**Records provided:**
★ ★ ★ ★

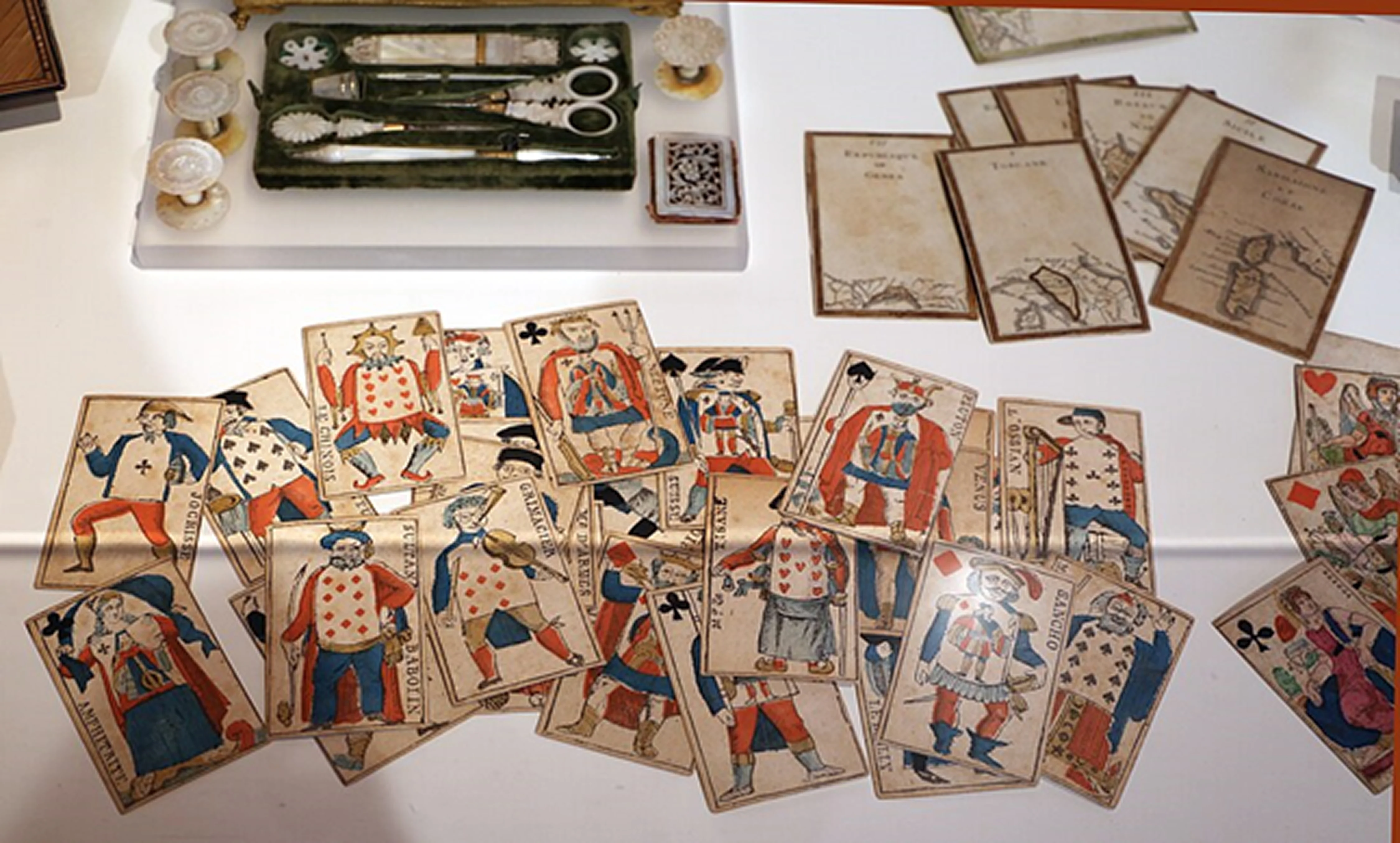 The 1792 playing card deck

★ ★ ★ ★

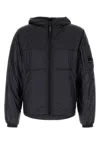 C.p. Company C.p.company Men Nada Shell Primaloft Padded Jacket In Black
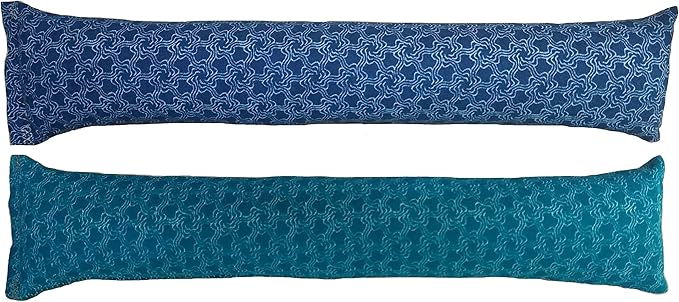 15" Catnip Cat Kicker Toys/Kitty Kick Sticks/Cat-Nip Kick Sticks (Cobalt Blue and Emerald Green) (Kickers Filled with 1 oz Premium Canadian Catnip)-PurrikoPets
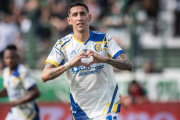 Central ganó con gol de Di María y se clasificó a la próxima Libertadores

★ ★ ★ ★

**About this exercise:** Above are the records; restate exactly the lines from the one containing "C.p. Company C.p.company" through the one containing "Central ganó con", keeping pictures out.

**Solution for this task:**
 C.p. Company C.p.company Men Nada Shell Primaloft Padded Jacket In Black
 15" Catnip Cat Kicker Toys/Kitty Kick Sticks/Cat-Nip Kick Sticks (Cobalt Blue and Emerald Green) (Kickers Filled with 1 oz Premium Canadian Catnip)-PurrikoPets
 Central ganó con gol de Di María y se clasificó a la próxima Libertadores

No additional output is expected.